Whether a waiver is really voluntary if an athlete has no other choice than to accept the rules of the federation—including the arbitration clause—in order to participate in competitions is legally controversial. On the one hand, it was argued that the athlete does not voluntarily waive this right, as they must in fact agree to an arbitration agreement if they wish to participate in competitions. The Federal Court of Justice has nevertheless regarded this as a voluntary arbitration agreement, at least for doping disputes at the CAS. It is true that the federation has a monopoly and can in fact force an athlete to sign an arbitration agreement by only admitting the athlete to the competition after signing it; however, a mutual contract is characterised by the fact that one's own positions are abandoned and contractual conditions are accepted, which do not correspond to one's own will but to that of the contracting party. Furthermore, it is not only the federations that benefit from a sports arbitration court, but also the athletes, as they are dependent on fair competition conditions (Federal Court of Justice (BGH), ruling of 7 June 2016, Ref.: KZR 6/15, recital 55, 62 (Pechstein)).

The European Court of Human Rights (ECHR) opposed this rather artificial view in its Mutu/Pechstein decision (Mutu and Pechstein v. Schwitzerland, complaints no. 40575/10 and67,474/10, judgment of 02.10.2018).Footnote 4 The Court stated that it was impossible to believe that Pechstein's submission to the arbitration clause was voluntary and unambiguous. Rather, consent to CAS arbitration takes the form of “forced” consent. There is a de facto structural dependence of the athletes who, in view of the monopolistic concentration of competitions at the ISU, were dependent on integration into the federation. In order not to lose their professional livelihood in the future, they also had to agree to the conclusion of the arbitration clause, which was required for participation in competitions organised by the ISU. Consequently, the ECHR convincingly concluded that submission to the jurisdiction of the CAS must be qualified as compulsory arbitration in the case of the ISU. It follows from this that the procedural guarantees of Art. 6 para. 1 of the European Convention on Human Rights (ECHR) had to be observed.Footnote 5

Independence and Impartiality

A genuine court of arbitration must be independent and impartial. This must be viewed critically in the context of the composition of sports courts of arbitration, as federations could potentially exert significant influence.

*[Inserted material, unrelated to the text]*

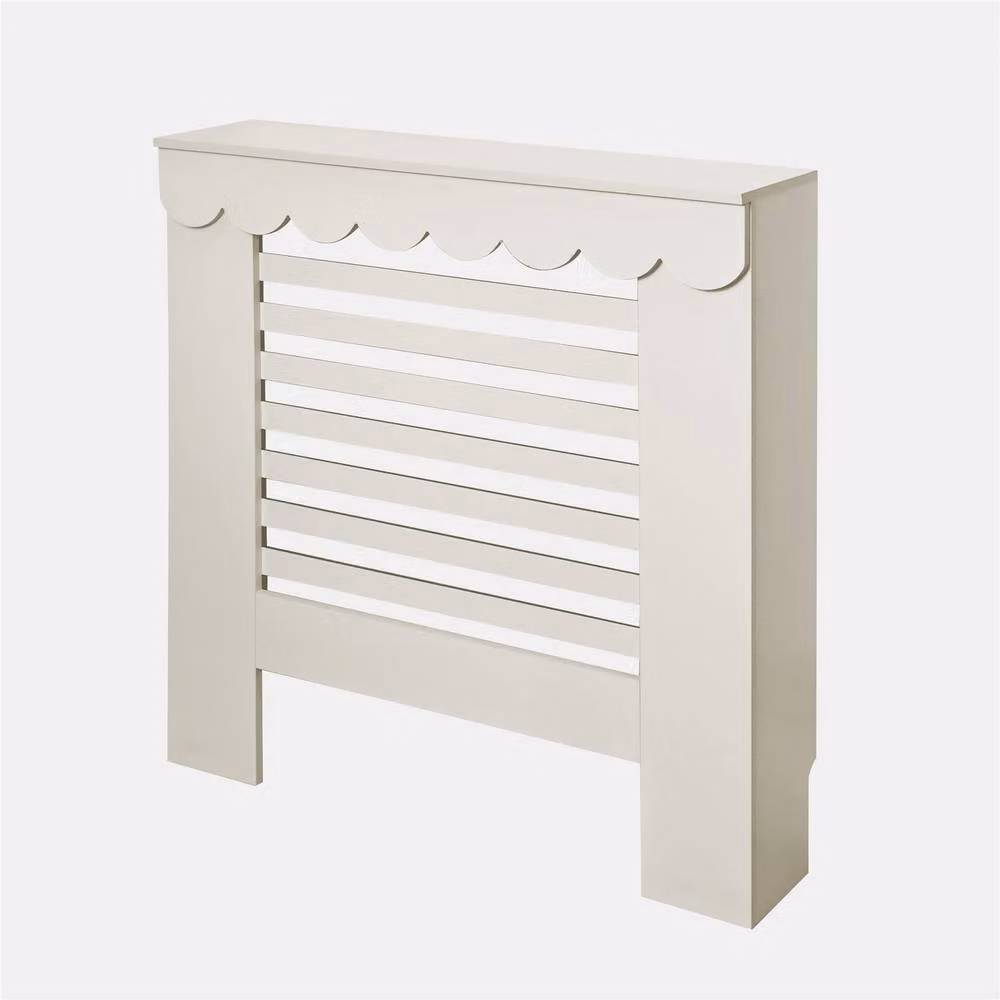 OHS Scallop Radiator Cover and Engineered Wood Sideboard Shelf in Cream – 2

Independence and impartiality requires that the arbitral tribunal may not consist solely of representatives of the federation, and that no organs of the association may form the arbitral tribunal; otherwise, the arbitrators would be acting as judges on their own case (Lachmann 2008; Pfister 2014a).

The federation must also not have any decisive influence on the composition of the court of arbitration (Pfister 2014a). The independence and impartiality of the court of arbitration must be written down in the statutes of the federation (Lachmann 2008; BGH, judgment of the 27th May 2004, Az.: III ZB 53/03). In this respect, § 47 (7) of the statutes of the DHB provides:

[…]

(7) The court of arbitration is not a body of the DHB. The members of the court of arbitration are independent and not bound by instructions.

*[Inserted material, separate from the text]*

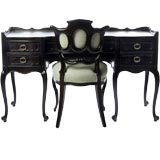 Writing Desk / Dressing Table with Companion Chair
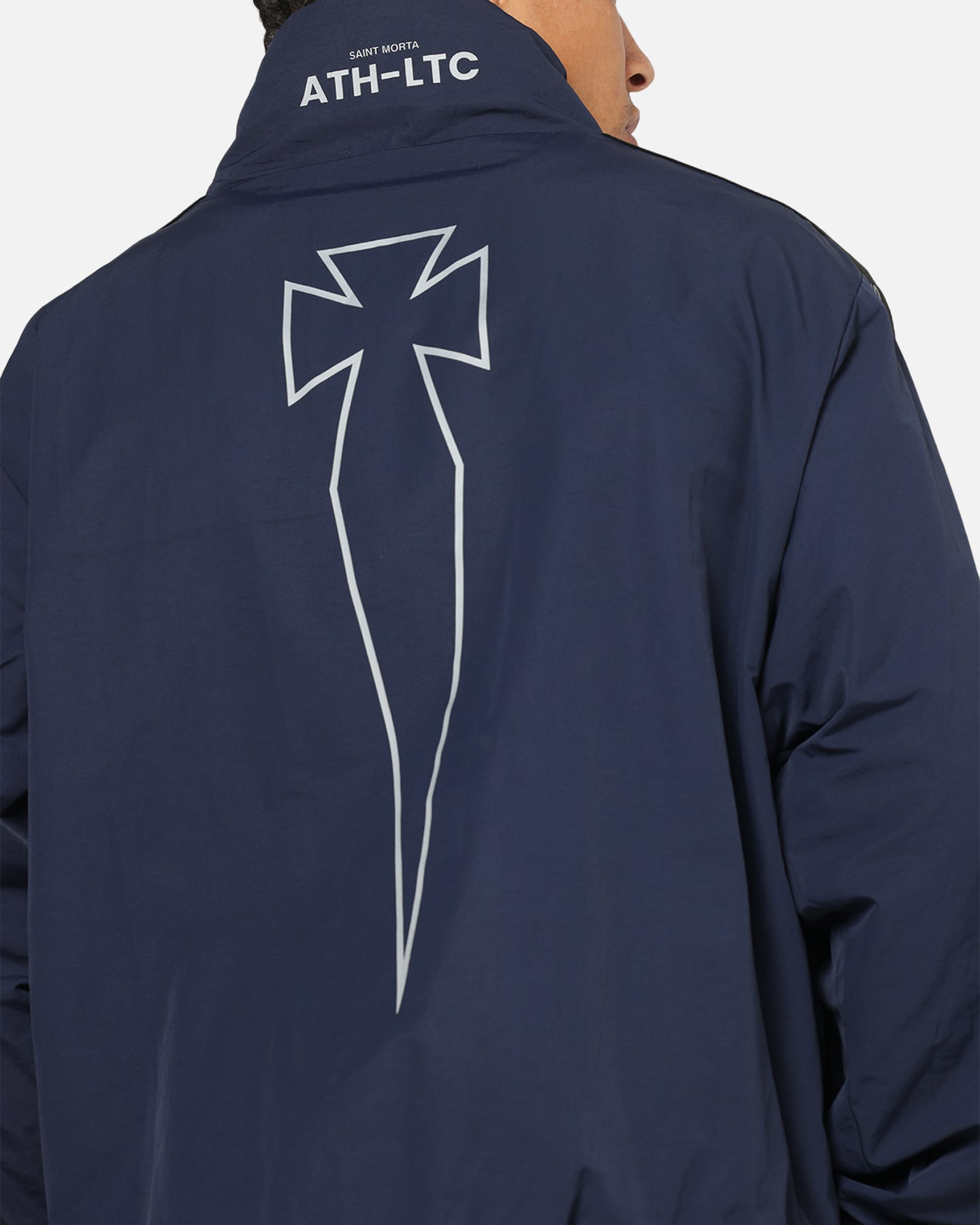 Saint Morta Athltc Zip Jacket Dark Royal/White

The Court of Arbitration for Sport (CAS), for example, is a genuine court of arbitration (cf. the recognition of the CAS by the DHB in § 48 of the statutes). The CAS has a list of between 150 and 200 arbitrators. This list was compiled by the International Council of Arbitration for Sport (ICAS). The ICAS consists of 20 members. Of these 20 members, four are appointed by international sports federations. The international federations thus have minimal influence on the composition of the body that compiles the list of arbitrators.

The German Federal Court of Justice (BGH) regarded the CAS as an independent and neutral body, since both parties could choose an arbitrator from the closed list of arbitrators, and the international federations had no direct influence. Furthermore, according to the statutes of the CAS, the arbitrators must disclose to the parties any circumstances which could possibly affect their independence. It should also be noted that, especially in the campaign against doping, the athletes and the federations do not pursue different interests (BGH, judgement of 7 June 2016, ref. no.: KZR 6/15, para. 27ff. (Pechstein)).

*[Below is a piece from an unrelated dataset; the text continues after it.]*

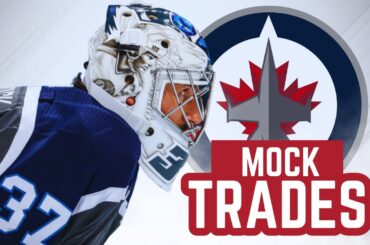 ==Winnipeg Jets MOCK TRADES For Connor Hellebuyck & Mark Scheifele==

The European Court of Human Rights (ECHR) also considered the CAS arbitrators to be independent and impartial, which Pechstein denied (Mutu and Pechstein v. Switzerland, complaints no. 40575/10 and 67,474/10, judgment of 2 October 2018). In particular, the ECHR took into account the provisions on the appointment of arbitrators, the length of their mandate, the existence of protective mechanisms against external undue influence and the question of whether the court appears to be independent. As a result, Pechstein’s objections failed because the ECHR found that she had not submitted any specific facts that would raise doubts about the independence and impartiality of the specific arbitrators. The mere fact that those organisations, which might be involved in disputes with athletes before the CAS, exercised influence on the appointment of arbitrators at the time did not allow the conclusion that it was solely because of this influence that the list of arbitrators, possibly only by a majority, consisted of arbitrators, who individually, objectively and subjectively could not have been regarded as independent and impartial vis-à-vis the organisations mentioned.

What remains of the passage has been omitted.